■ **Pictures with short captions**
☆ ☆ ☆ ☆ ☆

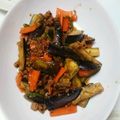 Mimosa_416's cooksnap of when they made すぐできる♪ナスとピーマンのひき肉炒め.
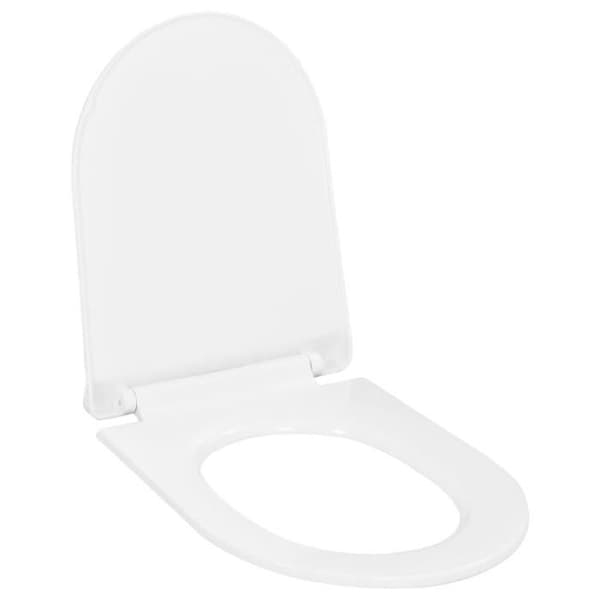 vidaXL Soft Close Toalettsits Quick Release Vit
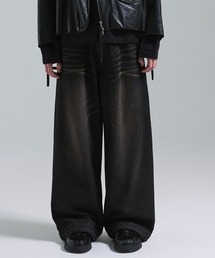 Parts Lab.(�p�[�c���{)�́yParts Lab.�zBasic Wide Easy Denim Pants / �x�[�V�b�N���C�h�C�[�W�[�f�j���p���c(�f�j���p���c)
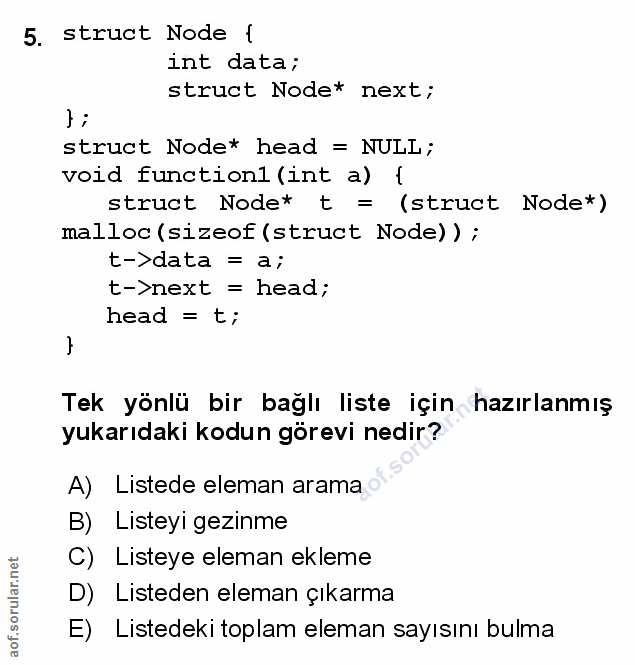 Soru 5
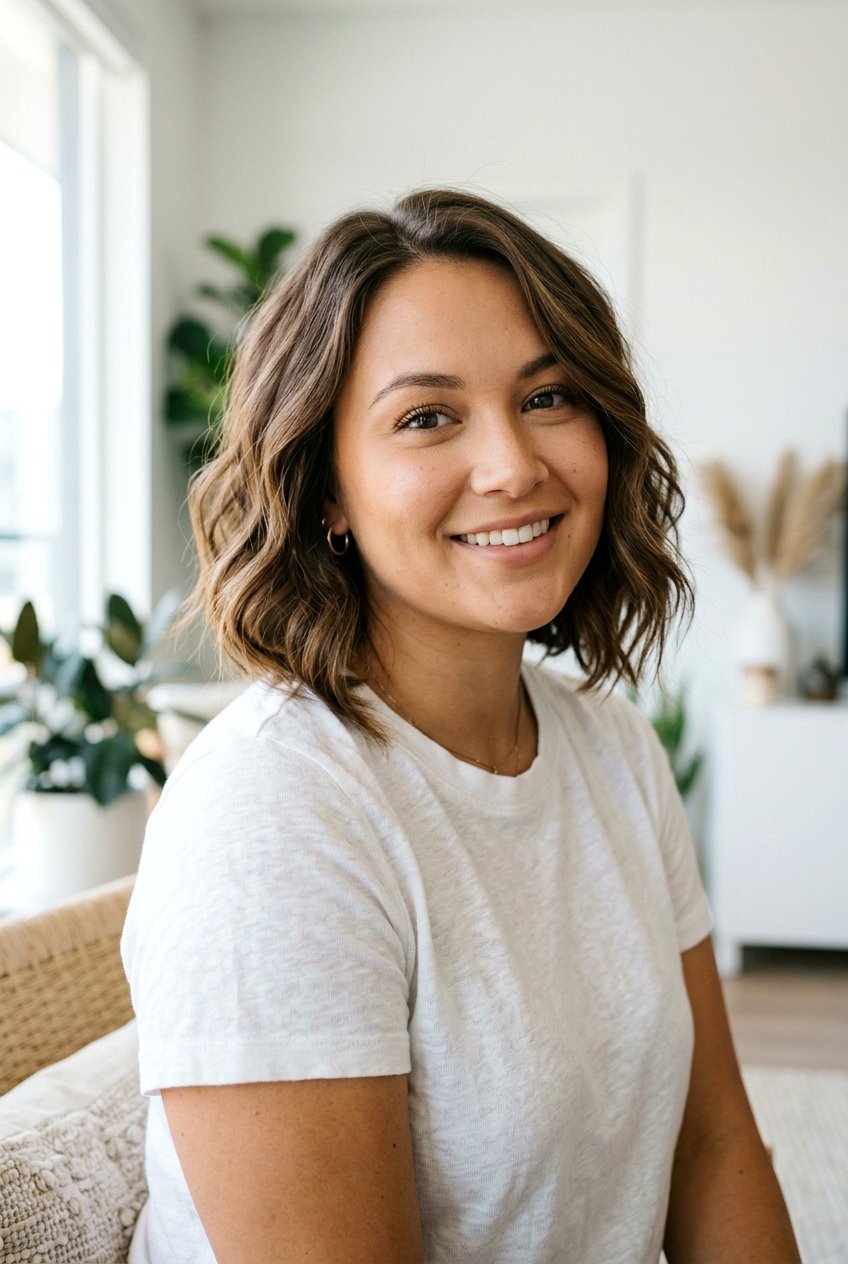 Soft A Line Bob For Round Face - 20 soft A line bob haircut - 20 soft A line bob haircut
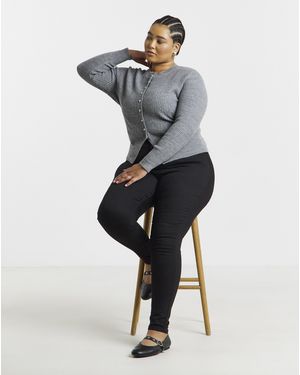 Simply Be Stretch Denim Skinny Jeans - Blue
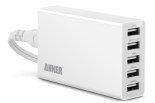 Anker 25W 5-Port USB Family-Sized Desktop Charger
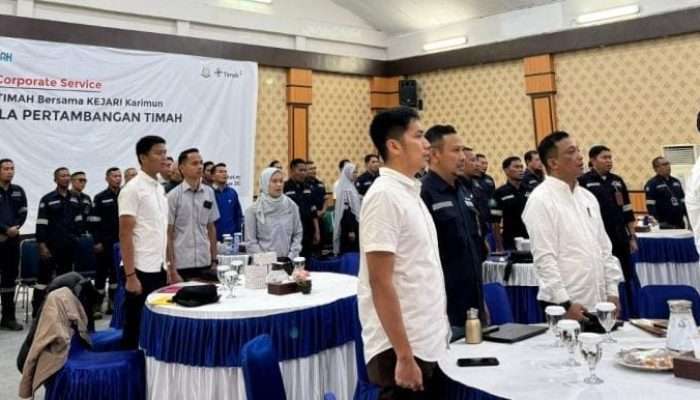 PT Timah Gelar Workshop Tata Kelola Pertambangan Timah Bersama Kejari Karimun 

☆ ☆ ☆ ☆ ☆

■ **What the task asks**
Only the lines from the one holding "Soft A Line Bob For" to the last line of the entries above should be printed, exactly as they appear and with no pictures.

■ **Written reply**
 Soft A Line Bob For Round Face - 20 soft A line bob haircut - 20 soft A line bob haircut
 Simply Be Stretch Denim Skinny Jeans - Blue
 Anker 25W 5-Port USB Family-Sized Desktop Charger
 PT Timah Gelar Workshop Tata Kelola Pertambangan Timah Bersama Kejari Karimun 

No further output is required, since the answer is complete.